Until she became ill this past summer, Grace served on the board of governors and the furnishings committee of the Shirley-Eustis House Association in Roxbury and on the board and the collections committee at Gore Place. She was active on the board of the National Society of Colonial Dames in the Commonwealth of Massachusetts and was the co-chair of their historic headquarters, the William Hickling Prescott House, at 55 Beacon Street in Boston. Grace was to become the next president of the Dames in the spring of 2014.
She was a proprietor of the Boston Athenaeum, a past corporator of the Worcester Art Museum, and a past member of the board of managers of The Vincent Club, which raises money for women’s health education and research. Grace was a perennial winner of the Vincent Advertising Medal during the last decade in which the Vincent Show took place. Given her understated, civilized demeanor, fellow members were always in awe of her ability to raise more money than more forceful personalities of the club. Grace was also a member of the Chilton Club, named for Mary Chilton, the first woman to step ashore from the Mayflower, where she was an enthusiastic member of the restaurant committee. Grace was passionate about food and cooking, and as a past president of the Smith Club of Cambridge, she hosted many gatherings with Julia Child. Grace’s other affiliations included the Appraisers’ Registry of New England, the French Porcelain Society, and the China Students’ Club of Boston, of which she was a board member.
Grace and Tom had a house on Cape Cod on family land in Wellfleet called Tom’s Bluff, where Grace reveled in her role as caretaker; she was just as comfortable fixing a sink as she was assessing Chinese export porcelain. She was an avid ocean swimmer and was never deterred by choppy surf, just as she was never deterred by any challenge in her life. As a young girl in Dublin, she was captivated by local lore that Isabella Stewart Gardner had lost her pearls in Dublin Lake a century earlier; hence, she trolled the depths of the lake in search of them. Though she never found Mrs. Gardner’s pearls, Grace was never seen without her own! Grace and Tom enjoyed wonderful Wellfleet weekends gardening, reading, walking, sailing, and cooking. Grace never found a pearl in the Wellfleet oysters harvested in front of the beach house, but she and Tom savored them just the same, either on site or at the Somerset Club on Beacon Hill, right near their in-town digs.
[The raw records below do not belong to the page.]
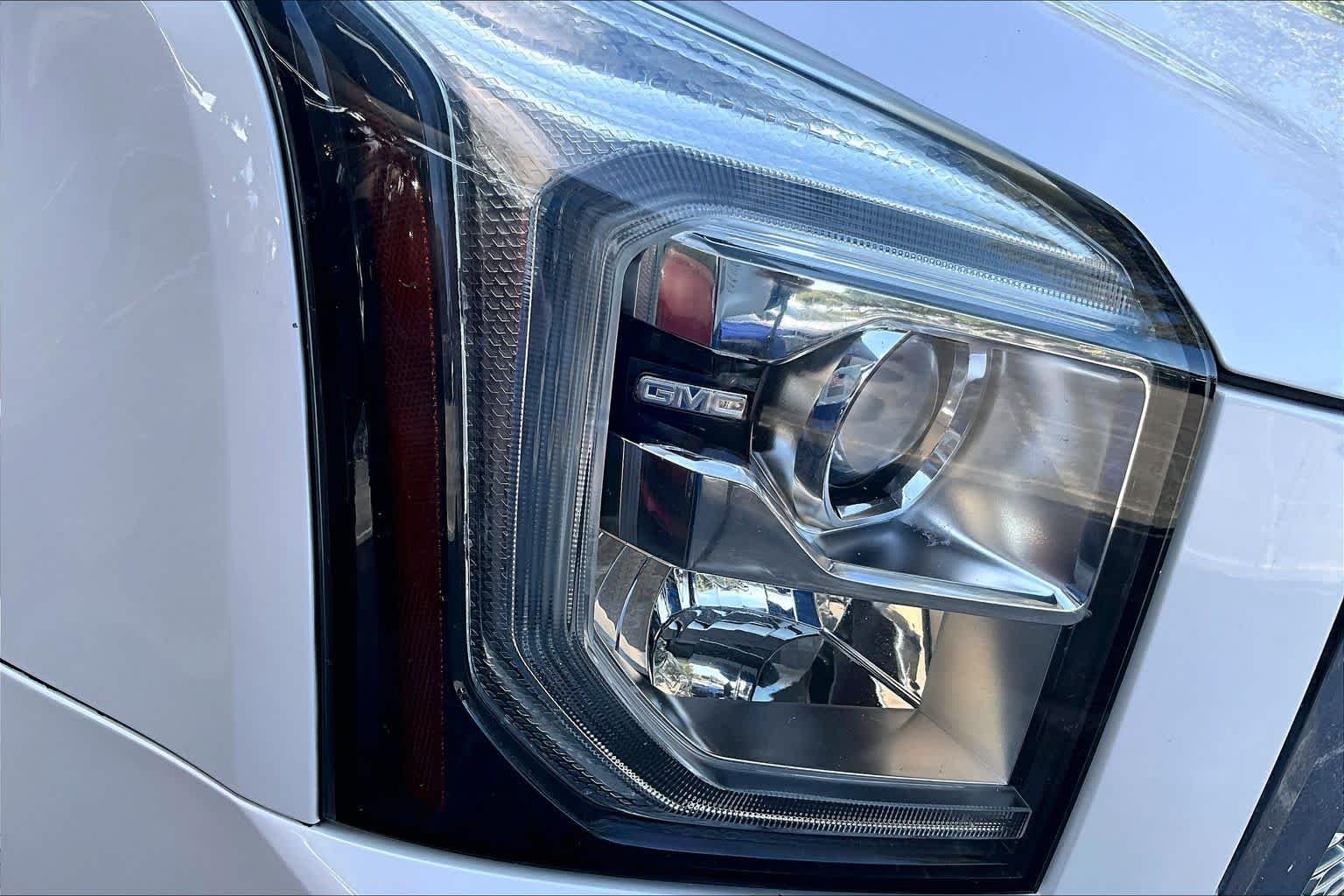 Used 2016 White Frost Tricoat GMC Denali image 28
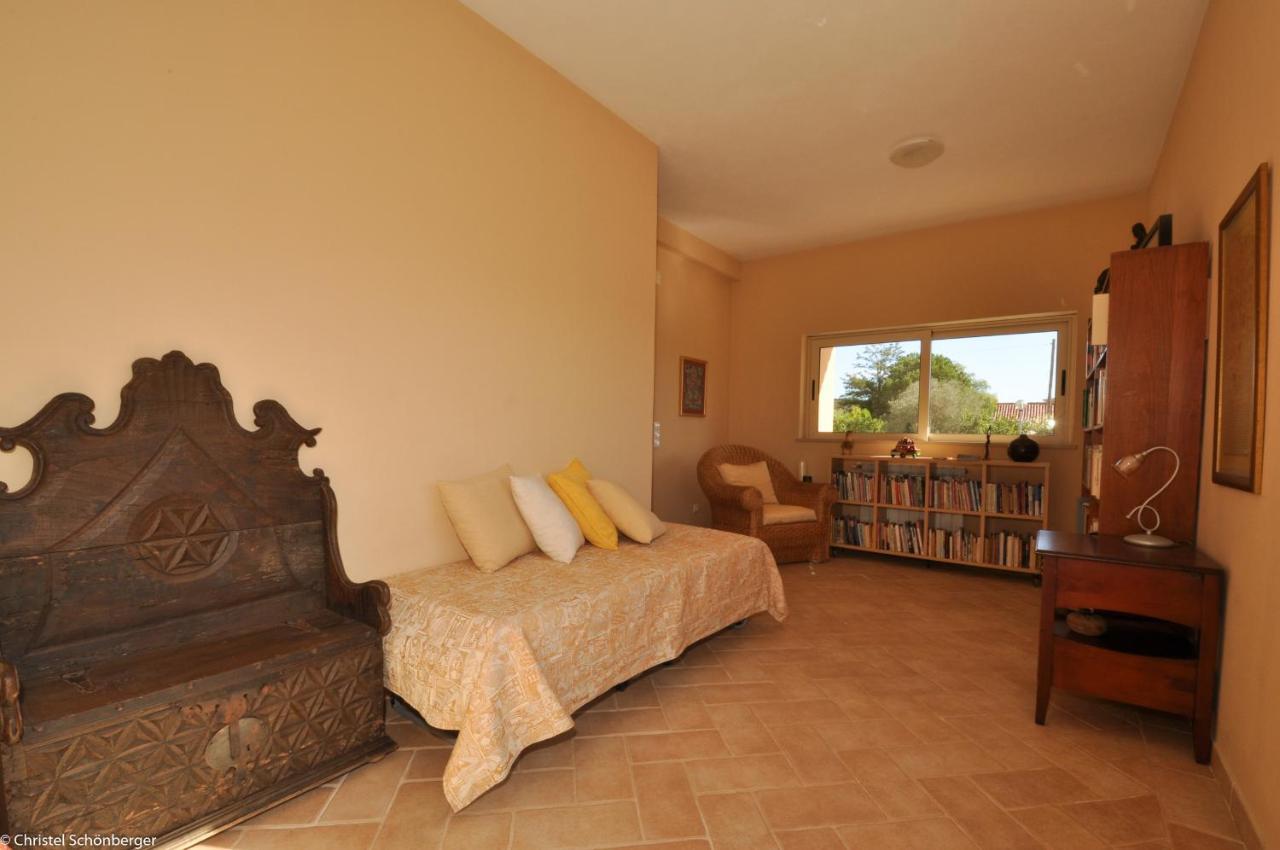 Mira - V006 Villa Lagos
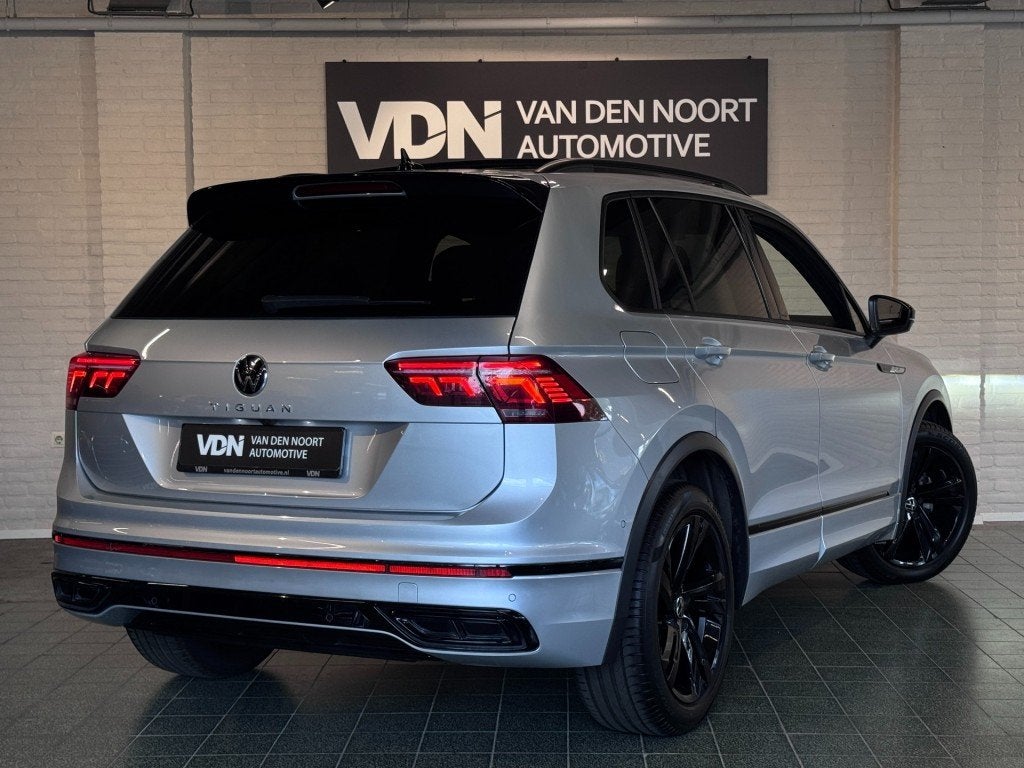 Volkswagen TIGUAN 1.5 TSI R-Line Business Black Style Pano T, Automaat, 4 cilinders, Stuurwielverwarming, 14 km/l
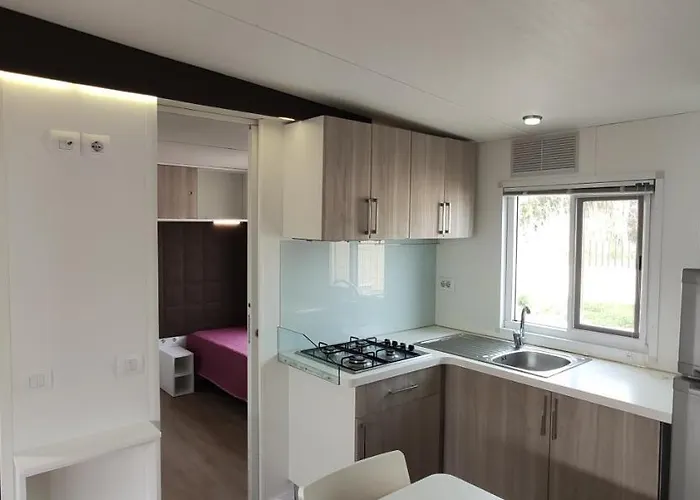 Camping Girasole مكان تخييم غيراسول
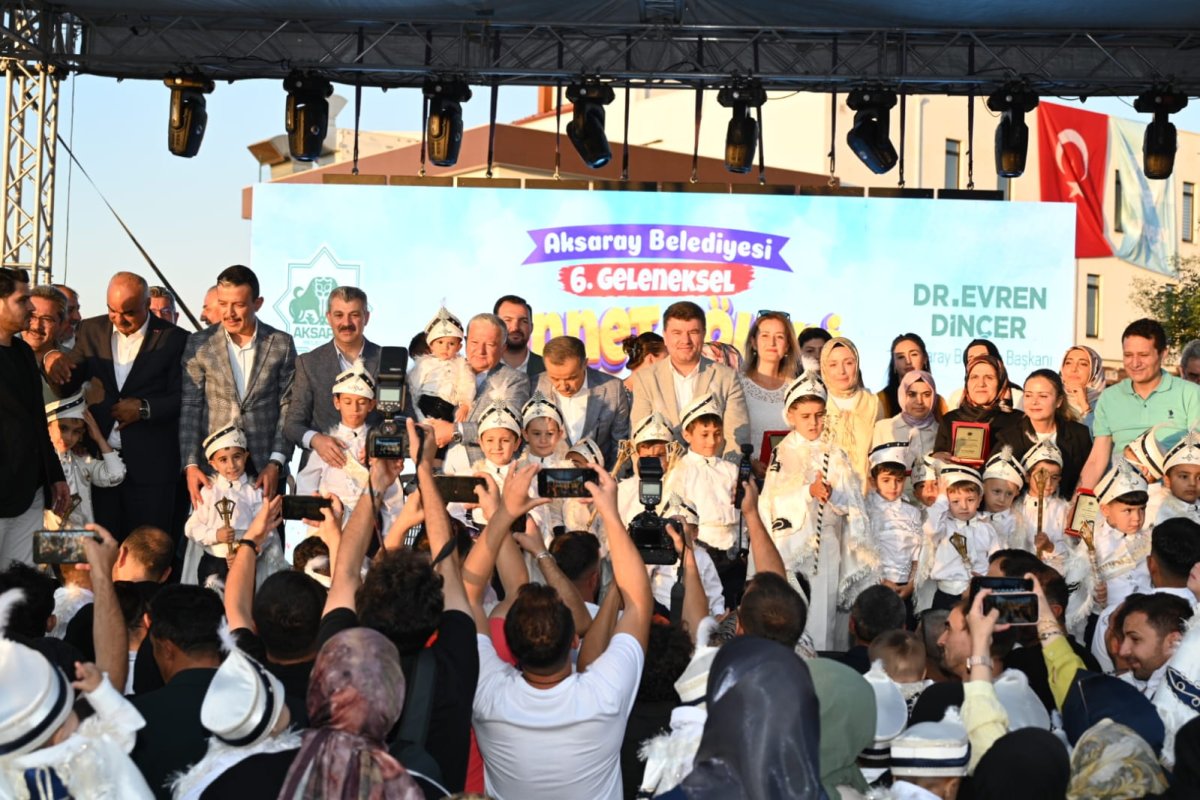 AKSARAY BELEDİYESİ, BİN ÇOCUĞUN SÜNNET SEVİNCİNİ ŞÖLENE DÖNÜŞTÜRDÜ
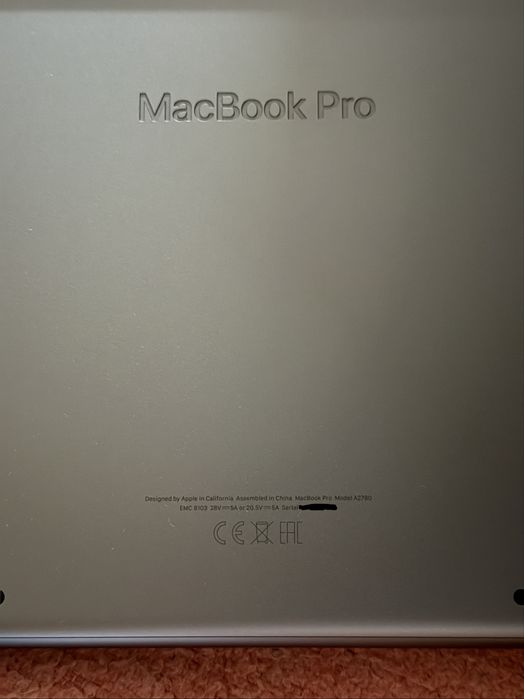 MacBook Pro 16 - 2023 года 16/1000гб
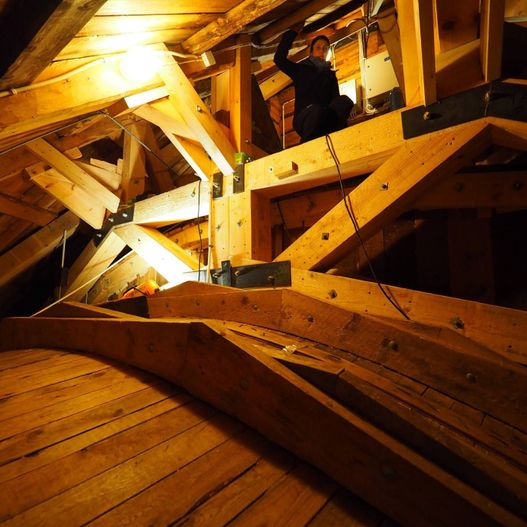 Rehabilitering av kirke, detalje av treverk
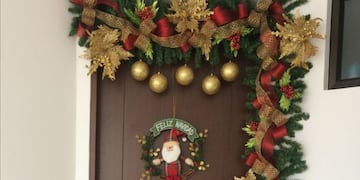 Chau al adorno clásico en las puertas en Navidad: la alternativa fácil y elegante que es tendencia para este 2025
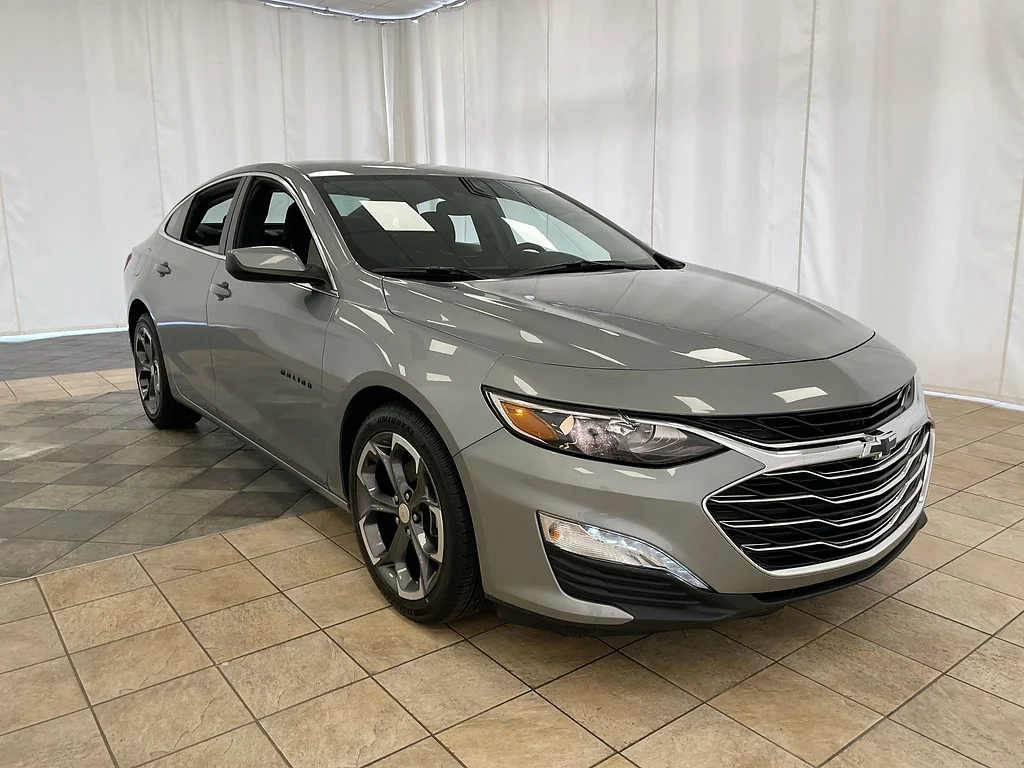 Used 2024 GRAY Chevrolet LT image 34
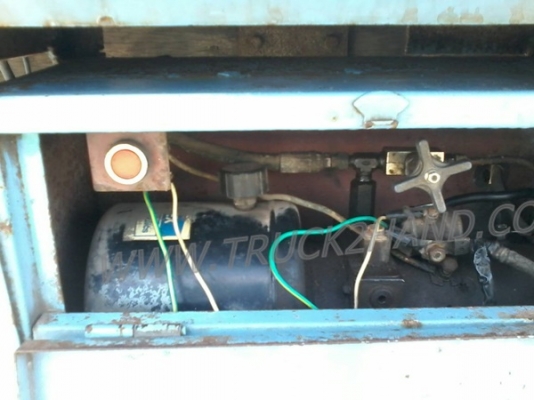 รถบรรทุก 6 ล้อ ยี่ห้อ ISUZU  120 แรงม้า พวงมาลัยพาวเว่อร์ เบรคธรรมดา มีลิฟท์ท้ายยกสินค้าขึ้น-ลงได้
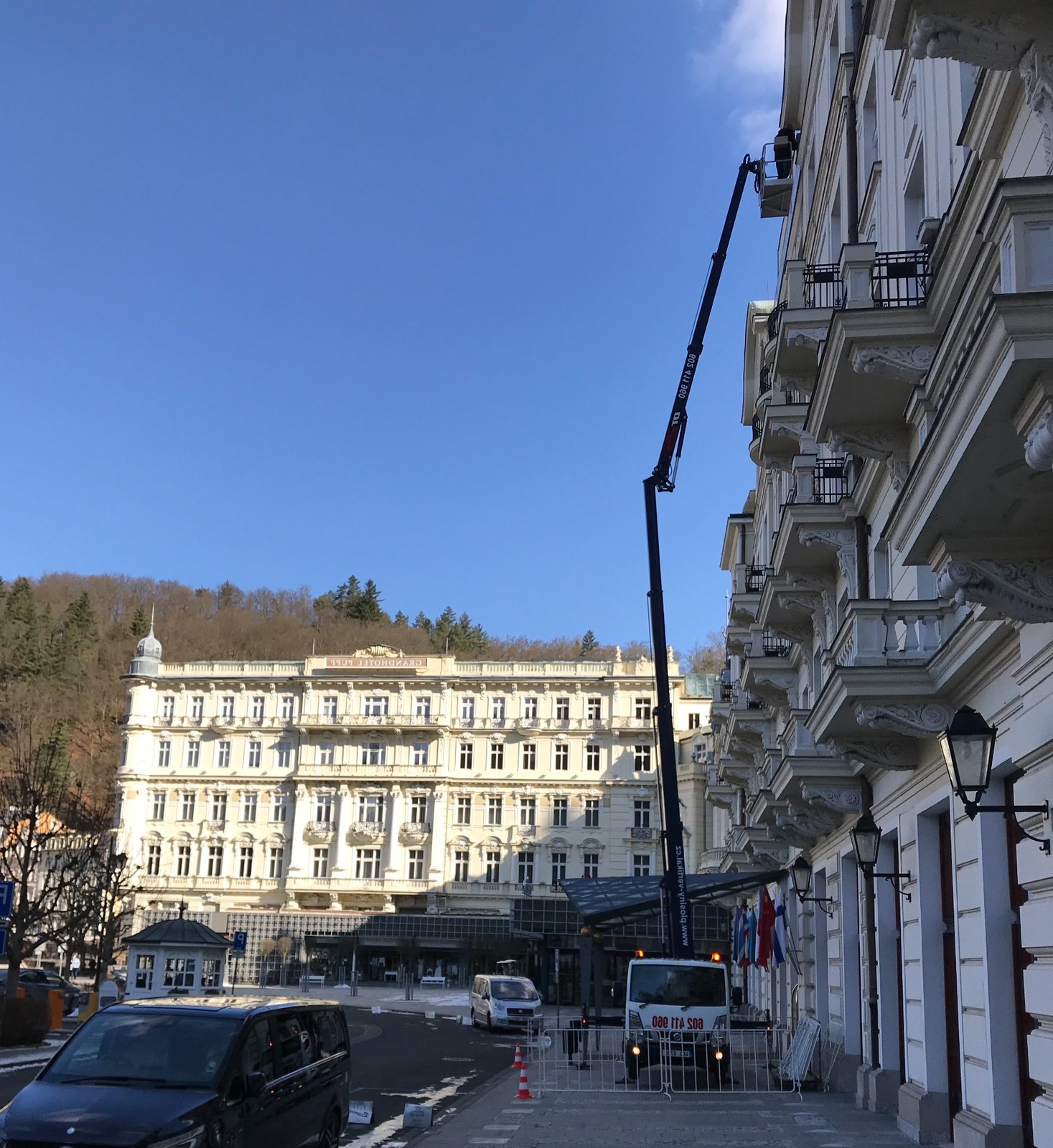 Plošina u Grandhotelu Pupp v Karlových Varech - profesionální výškové práce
Grace spent the last six weeks of her life by the sea before returning home to Boston on October 15. She loved being part of the community of Beacon Hill and, before her illness, she could be seen walking up and down Charles Street daily; Grace was a cheerful, friendly presence in the neighborhood she adored and was unfailingly kind to everyone she met. Those who knew her best recognized that she was the embodiment of her name: she was gracious, lovely, and a lady — albeit a very modern lady who juggled a demanding career with family obligations and volunteer commitments.
In addition to her husband, Grace is survived by her sisters, Mrs. David W. M. Conard (Carol Yeomans) of Shelburne, VT, and Mrs. Mark R. Madden (Tyler Yeomans) of Simsbury, CT; and by her three godchildren, niece Lindsey Johnson Vandal, and Tom’s nieces Victoria Sears Cabot and Eliza Lucy Thaler. She is also survived by her sisters’ other children, Adelaide Blair Johnson, Ian Borgman Johnson, Erin Tyler Madden, and Megan Elizabeth Madden; her husband’s nieces and nephews; and many cousins, all of whom she adored.